Kevin Conway is regarded as a leading expert on Boraras, specialising in the species’ evolutionary development.

What was the main reason for placing these tiny fishes in their own genus?

Back in 1993 ichthyologists felt that these small species were so distinct from the larger Rasbora species that the erection of a new genus was warranted.

The biggest differences between Boraras and Rasbora (other than size) are mostly related to aspects of their skeleton and sensory canal system, including differences in number of vertebrae, differences in number of fin rays, and differences in the extent of the sensory canal system of the head and body.

You studied Boraras at the Natural History Museum in London. Can you tell us more about that?

I studied the skeleton and evolutionary relationships of Boraras as part of my Master’s degree at the Natural History Museum in 2004/2005.

I was able to look at all of the described species over the course of six months in the museum’s zoology department. Initially the museum actually had very few specimens of Boraras in their collections. At the start of the project they only had specimens of B. maculatus from Malaysia, but we managed to get specimens of all the other described species from the Raffles Museum in Singapore, which has collections from all over South-East Asia).

I spent a lot of time looking through a microscope at specimens preserved in alcohol or looking at skeletal preparations. It was not easy to dissect them, particularly specimens of B. micros, but I persevered.
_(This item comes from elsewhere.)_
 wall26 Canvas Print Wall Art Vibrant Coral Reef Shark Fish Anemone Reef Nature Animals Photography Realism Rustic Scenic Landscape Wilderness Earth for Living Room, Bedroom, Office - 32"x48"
Did you discover anything new about them?

Nothing really ground breaking. I only really confirmed what others had suggested previously — that Boraras species are more closely related to each other than to species of Rasbora. I was, however, the first person to look at the entire skeleton of all five species and was also first to propose a hypothesis on how they are related to each other. I suggested that B. maculatus, B. brigittae and B. merah were more closely related to each other that they were to B. micros or B. urophthalmoides.

Have you ever collected them in the wild?
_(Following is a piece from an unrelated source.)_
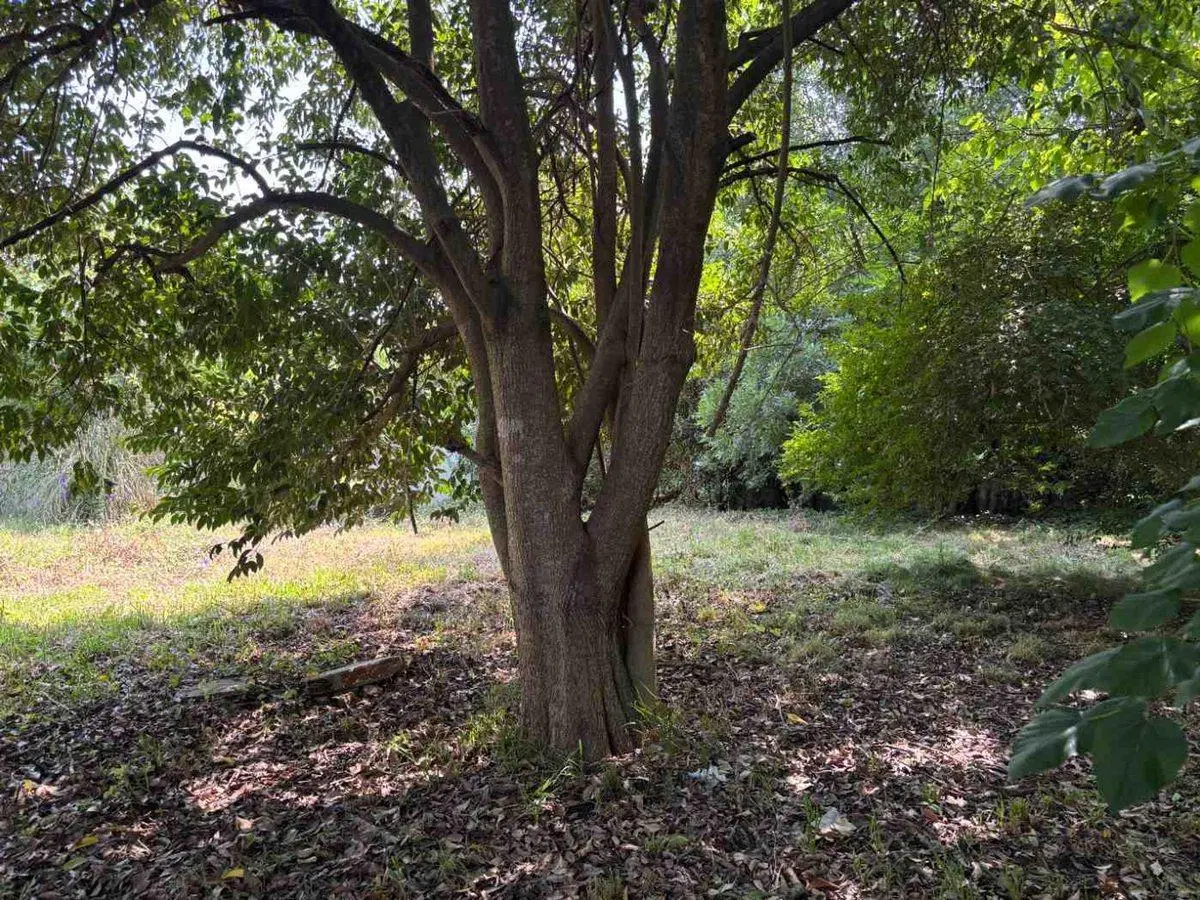 VENTA LOTES APTO DESARROLLO VILLA MORRA PILAR U-R3 3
Unfortunately not. That’s one of the good things about working in a natural history museum as nine times out of ten someone else has done the hard part for you and all I ever needed to do was walk to the collection and pick a jar from the shelf — or get in touch with another museum and have them delivered.

To date all of my fieldwork has been in African countries or in the Himalayas and so I have never had the chance to collect them. Most of the live Boraras I have encountered were purchased on a Saturday afternoon from Wholesale Tropicals in the East End of London!

Are there any differences between those species that live in marshes and those that live in peat swamp forest streams?

Not really. The only difference that I can think of is that those species that live in the marshes and swamps of Thailand (B. micros and B. urophthalmoides) seem to be a little smaller on average than the other species that inhabit the peat swamp forests of peninsular Malaysia, Singapore and Indonesia (B. brigittae, B. maculatus, B. merah). However, I can’t think of any biological explanation for this.

We believe Boraras  to be the smallest commonly available aquarium fish. Is this true?

Definitely. Though much smaller fishes are known to science (such as Paedocypris), species of Boraras, B. urophthalmoides in particular, are without doubt the smallest freshwater tropical fish regularly available in the UK.

Miniature fishes seem to be getting a lot of press lately. Do Boraras share anything in common with other miniatures like Paedocypris?

As far as Boraras go they are relatively boring anatomically. Other than being sexually dichromatic, which is pretty common among cyprinids, they do not exhibit any interesting sexual dimorphisms such as those present in some other tiny species like Paedocypris or Sundadanio.

In fact some scientists refer to Boraras as ‘proportioned dwarfs’, meaning they are almost identical copies of larger close relatives but shrunk to a tiny size — or have been miniaturised.

This is quite the opposite of the situation regarding Paedocypris, the adults of which resemble an earlier developmental stage of their close relatives and are now referred to as being ‘developmentally truncated’.